Forum Moderators: phranque

Message Too Old, No Replies

RewriteCond & RewriteRule

Please provide explanations for a set of conditions and rewrite rules

         

jason1989

7:03 pm on May 22, 2008 (gmt 0)

10+ Year Member



Dear Forum Members:

Please help me understand something that is driving me mad. But first I believe that I have a pretty good understand what a RewriteCondition like this does:

RewriteRule ^(.*).htm$ $1.php

Let me explain what I believe it does. Because of the ^ symbol, it begins at the very beginning and stores everything up to but not including .htm

The first $ sign indicates that nothing follows .htm and it ends there.

The second $ sign indicates that we take the backreferenced data (all characters matched within (.*) and the second $ sign indicates that the backreferenced data is put there with .php as the new extension.

So for instance, if we have:

index.htm it will be rewritten to index.php

This is what I just cannot figure out. I am totally dumbfounded by the following set of conditions/rules do.

#############################
RewriteCond %{REQUEST_URI} (/¦\.atom¦\.rss¦\.htm¦\.php¦\.pdf¦\.html¦/[^.]*)$ [NC]

RewriteCond %{REQUEST_FILENAME} !-f

RewriteCond %{REQUEST_FILENAME} !-d

RewriteRule (.*) index.php
#############################

Could somebody please take the time to carefully explain this to me?

Thank you

Marcia

9:08 pm on May 22, 2008 (gmt 0)

WebmasterWorld Senior Member 10+ Year Member



Let me explain what I believe it does. Because of the ^ symbol, it begins at the very beginning and stores everything up to but not including .htm

The first $ sign indicates that nothing follows .htm and it ends there.


If the first $ is the end of the string being matched in the expression, why do you think that .htm isn't included? Why? Where does it say that?

If the $ in the second half of the expression is being used to match what's in the (parenthesis) that precedes, in the first half of the expression, for purposes of matching (like a variable), why do you think that the .htm will be ignored?

AFAIK, it won't be: ((something).htm) won't be ignored, but if it's ((something).html) it will be ignored because it isn't a match - or the converse, which is exactly something I did just yesterday.

[edited by: Marcia at 9:18 pm (utc) on May 22, 2008]

Receptional Andy

9:16 pm on May 22, 2008 (gmt 0)



If the first $ is the end of the string being matched in the expression, why do you think that .htm isn't included? Why? Where does it say that?

I'm not the best at mod_rewrite or regex, so corrections are welcome!

The htm is matched, but as it isn't within brackets it isn't passed along to $1. So, the .htm is essentially dropped from the rewriterule.

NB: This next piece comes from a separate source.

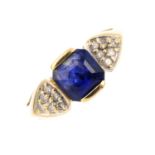 An 18ct gold sapphire and diamond dress ring. The cushion-shape sapphire, with single-cut diamond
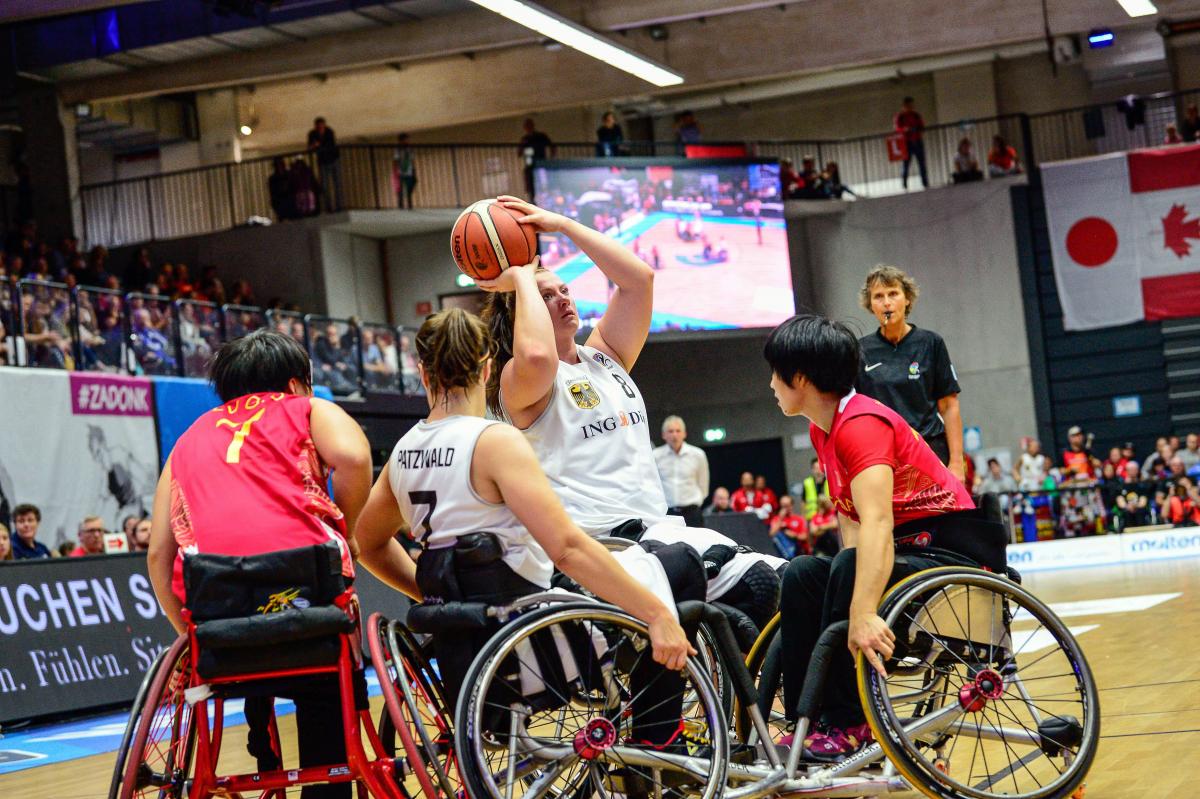 Woman shoots basketball over defenders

RewriteCond %{REQUEST_URI} (/¦\.atom¦\.rss¦\.htm¦\.php¦\.pdf¦\.html¦/[^.]*)$ [NC]

This matches all of the named file extensions, and extensionless URLs in the requested URL - the bar character essentially means OR.


RewriteCond %{REQUEST_FILENAME} !-f
RewriteCond %{REQUEST_FILENAME} !-d

These two conditions are to avoid conflicts - the first checks to see if the request matches a file that actually exists, the second a directory.

RewriteRule (.*) index.php

Everything matching these conditions is internally rewritten to index.php, which presumably then analyses the requested URL to determine what content to display. It's a way of creating 'virtual' filenames and folders via a single PHP file.

As above - any corrections gratefully accepted.

[edited by: Receptional_Andy at 9:18 pm (utc) on May 22, 2008]

Marcia

9:32 pm on May 22, 2008 (gmt 0)

WebmasterWorld Senior Member 10+ Year Member



Here's a working example from just yesterday, quick and simple:

RewriteEngine on
RewriteRule ^/directory/(.*).html$ http://www.example.com/directory/script.php?file=$1 [QSA]

If you type /directory/foo.html into the browser address bar, you will get whatever is equivalent to foo.html in the script. The $1 will backreference whatever (.*) is, with the indicated file extension appended. However, if you type /directory/foo.htm into the browser address bar, you will get a "404 Page not Found", since the script is generating (matching) .html pages, not .htm pages - so foo.htm is not a match. So how could it be, if the expression is ignoring the file extension?

The first part of the expression - what's to be matched - ends with the first $ at the end of the first "half" of the expression. If not, where does it say otherwise, that something before it would be ignored, if it wasn't excluded by a ! preceding?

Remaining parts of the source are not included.